A los viajeros
Traía mucho tiempo libre aquella vez, pero no tenía ganas de disfrutarlo. Había tanta gente, caminaban para allá y para acá –Puta estaba aturdida, la neta ¡me engenté! Estoy mejor ahora, me siento mejor, pero a veces me atrapa la nostalgia o no sé que chingadera y de repente ya estoy en algo oscuro de nuevo–.
Ese día entré a la librería para huir del desmadre. Las librerías siempre me han gustado, recuerdo que en mi casa cuando era niña, había libros por todas partes y mis padres siempre estaban leyendo. En aquella época me parecían aburridísimos, pero ahora me laten, me late ser una lectora compulsiva. Leer es una rutina que me gusta, hay rutinas que no son tan malas, más bien creo que hasta las necesito.
–¡Ah! por cierto, ese día me compré un libro de poesías con mis últimos ahorros, ¡guao! no sabes qué libro pá bueno. Eugenio Montejo escribe como los dioses–.
Subí a la cafetería a tomarme algo, yo sola con mi libro nuevecito, como la mayoría del tiempo: yo y mis libros. Es curioso parece que entre los libros y yo hay un mundo de cosas que decirnos, me complace que yo los escucho, quizás parezca de locos, pero así soy. No había quedado con nadie, estaba yo sola y mis reflexiones. Empecé a escribir a la par que leía, en la mesa junto a mí estaba una chica bien rara, leía también y de momento pensé –¡Somos igualitas!–.
El poema me gritó duro muy duro y volví mis ojos al libro: “Cuerpo lleno de barcos que se alejan no sabemos adónde. El temor al silencio que viene de las islas y al desamparo de los horizontes cuando ya no hay adiós sino naufragio”. ¡Vaya! respiré hondo, me faltaba como el aire, la miré y se voltio como si intuyera mi mirada. Clavó sus ojos en mí, espero un momento y luego me dijo –No hay problemas, así es esto–. Me quedé impresionada, qué querría decir. En fin, sólo me sonreí y ya; estaba yo otra vez con esa cara de quién entiende, la misma mía, sí esa, la que ya has visto.

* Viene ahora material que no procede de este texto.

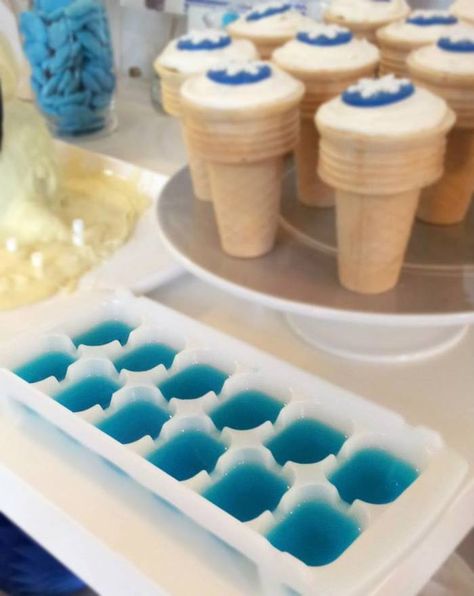 Jello Cubes, Frozen Party Decor, Frozen Bday Party, Blue Jello, Disney Frozen Birthday Party, Disney Frozen Party, Frozen Birthday Theme, Disney Frozen Birthday, Frozen Themed Birthday Party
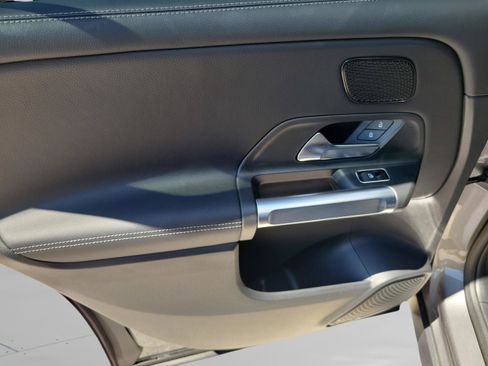Certified 2026 Mercedes-Benz GLB 250 image 5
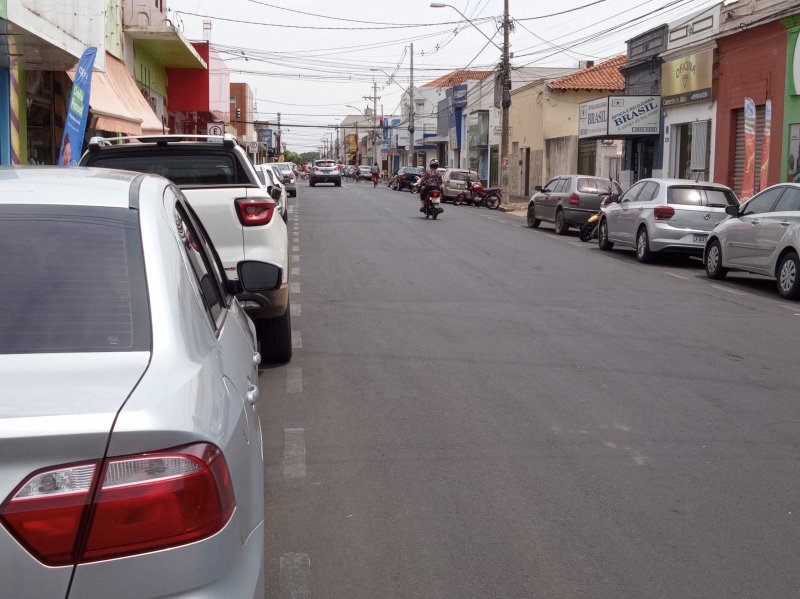 Ruas e avenidas: frota de veículos cresce em Penápolis no 1º semestre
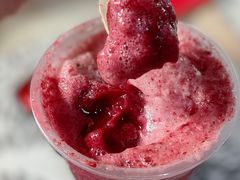 冰山杨梅桃-喜茶(北京五棵松华熙店)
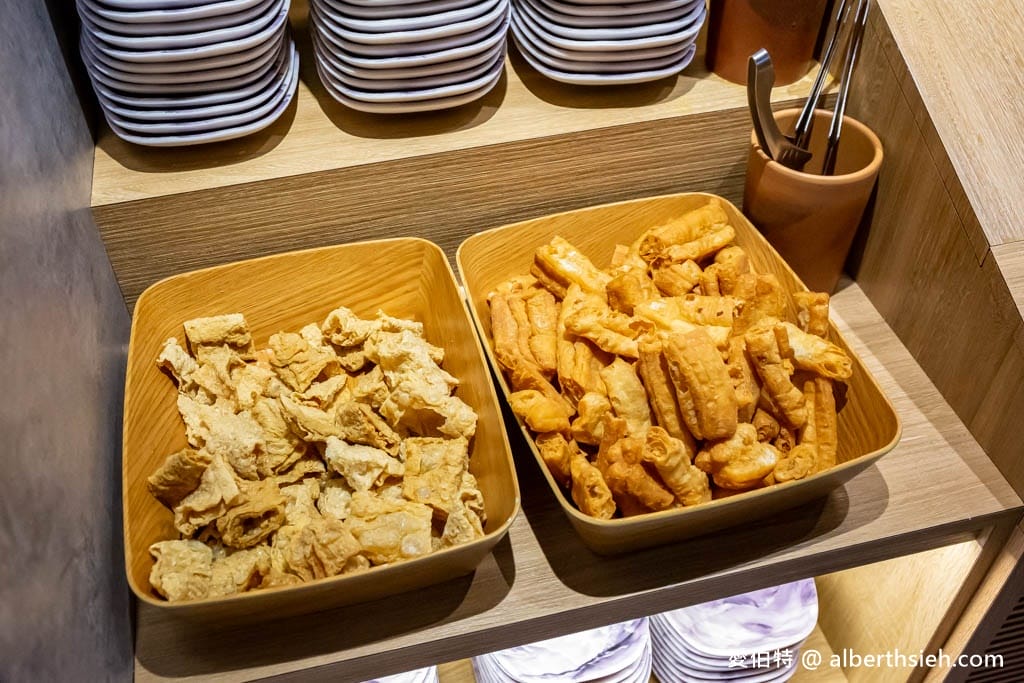 築間幸福鍋物．中壢龍岡火鍋推薦（餐點菜單價位，蔬食自助吧吃到飽）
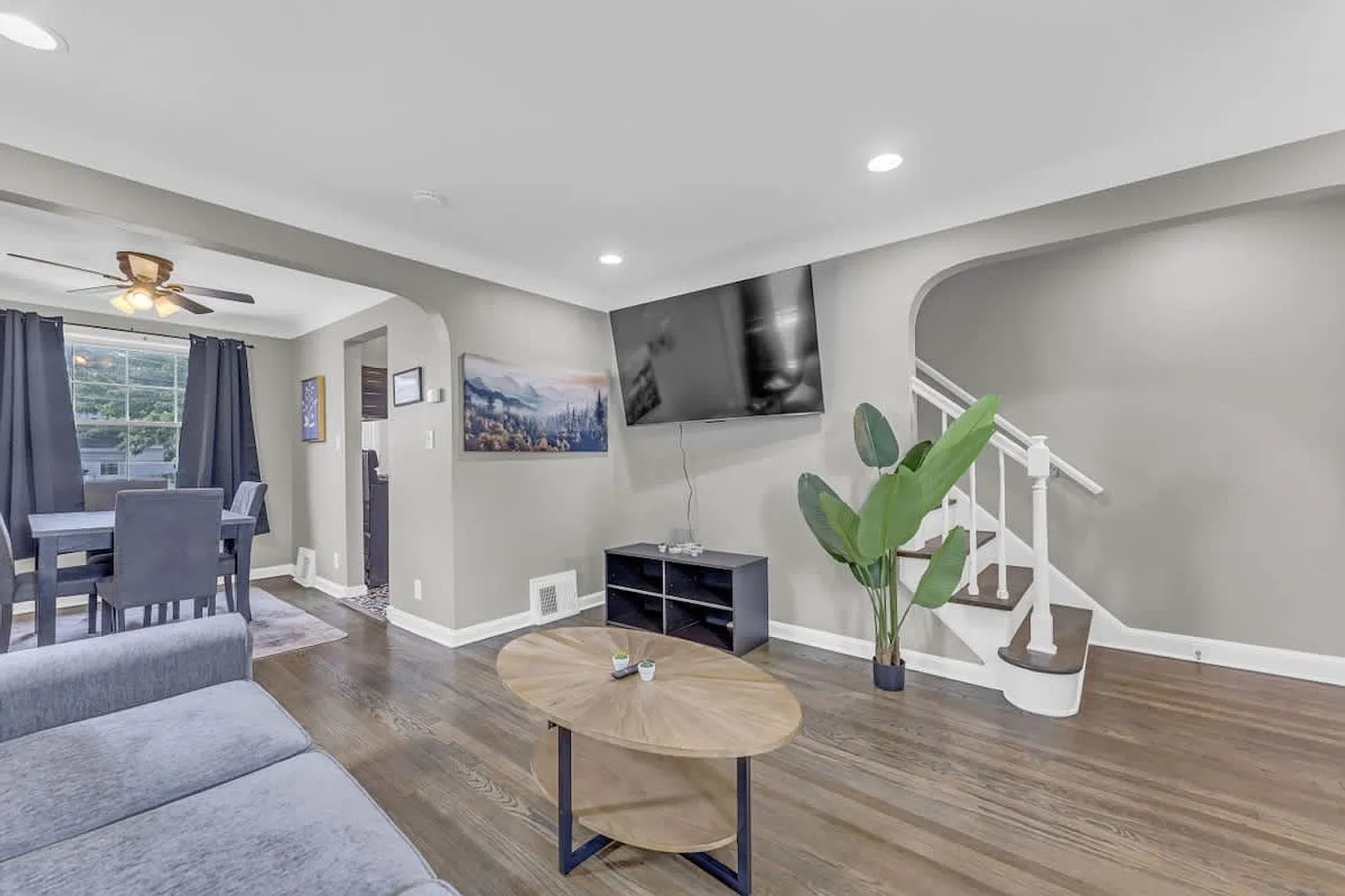 2 bed, 1.0 bath, 1065 sqft, $2,271 — Photo 3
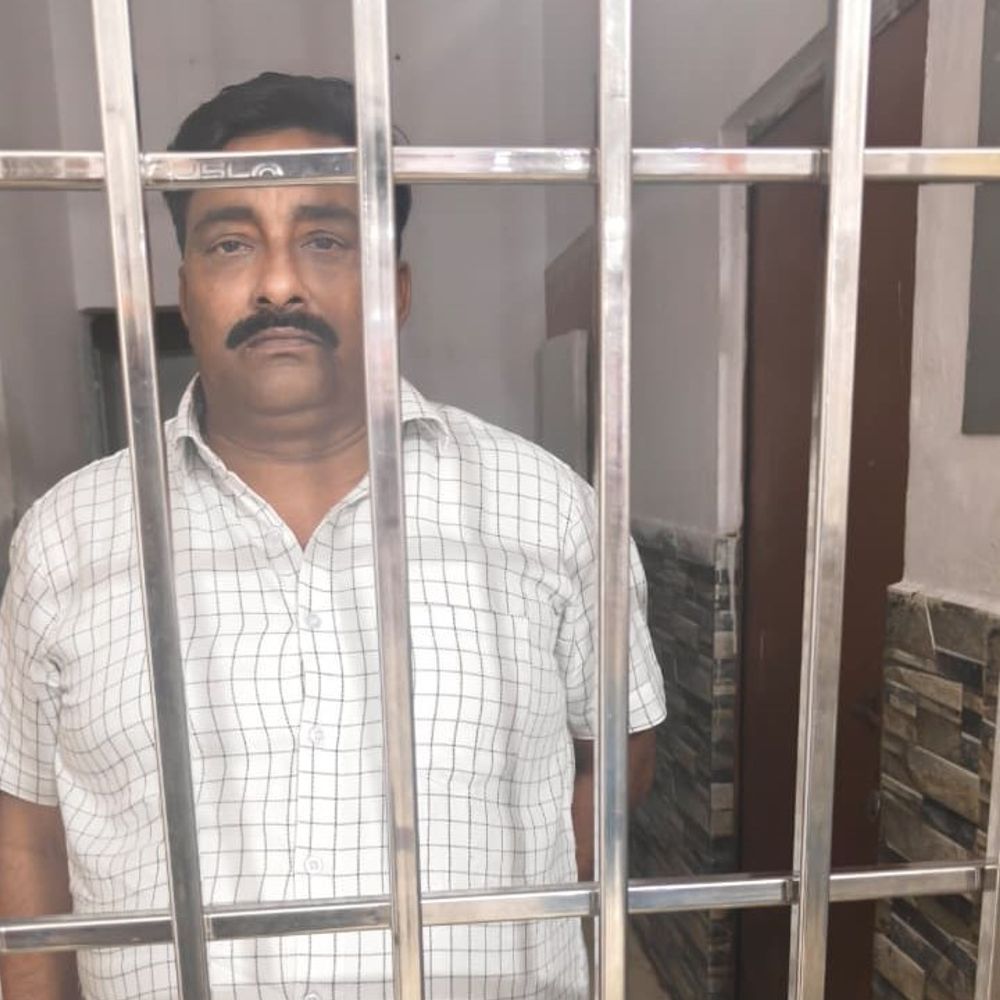 कानपुर में 52 लाख की ठगी में कंपनी निदेशक गिरफ्तार:25 हजार का इनाम था, चार आरोपी जेल भेजे गए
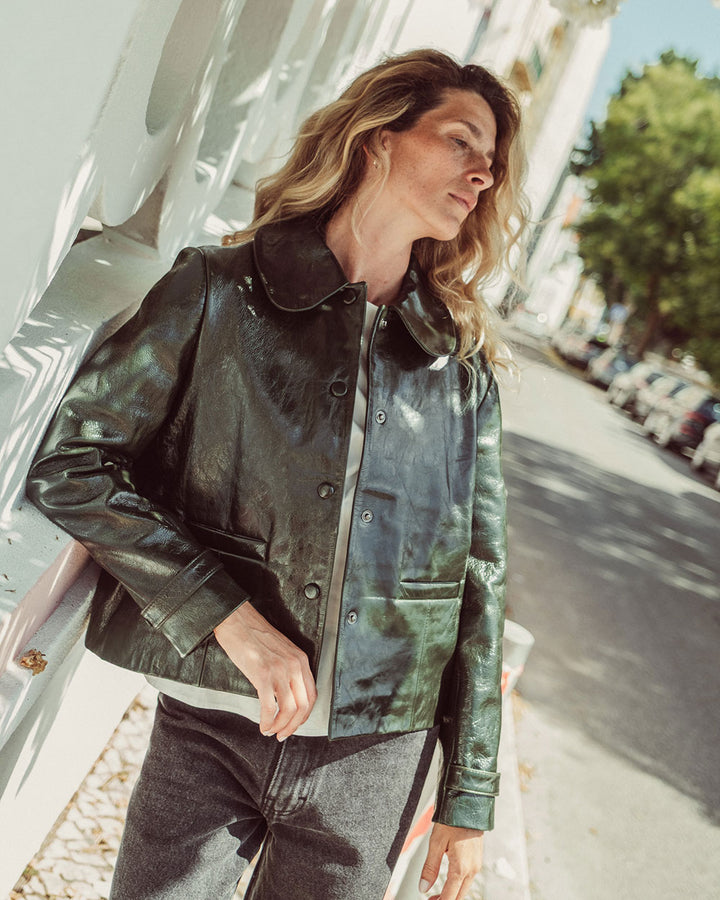 Chaqueta de cuero natural charol para mujer de corte recto con cuello de puntas redondeadas y bolsillos con tapita de la colección Her Story moda sostenible urco.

Me puse a pensar en qué onda con el pasado, ¿sería qué naufragó, quedó por allí desvencijado, perdido, tirado por las orillas de mi vida? Lo que sí hubo fueron sobrevivientes, esa era yo: ¡una sobreviviente! Revisé el barco antes de alejarme, todavía había cosas oportunas. Me dispuse a descubrirlas, sí en su utilidad y, en un tono casi romántico, me enamoré del naufragio de mi vida después de las olas altas y de las encalladas.
Tenía el libro semiabierto con algunos de mis dedos en aquel poema, señalando la página. Un recordatorio del naufragio, esos eran mis dedos señalando el aquí pasó de forma marcada y a la vez difusa, se parecía a las imágenes de todo lo vivido. Sólo me llevé las cosas útiles, eso hice. Seguí con mis dedos dentro del libro, bajé y salí a la calle. Estaba en la parada del pesero, con mi libro aún marcado. Sentí que se acercó alguien y me tocó el hombro; ¡pinche susto! ya sabes que esta ciudad está peligrosa. Era ella, aquella chica, con su mirada de libro, viéndome de esa forma como ven los que han sobrevivido a un naufragio. Me reconocí en la intensidad de sus ojos. Sentí un impulso muy fuerte y solté la página del libro de forma instantánea: solté mi naufragio. La chica se alejó, pero me dejó el efecto oportuno de las mareas: lo cambiante y su misterio.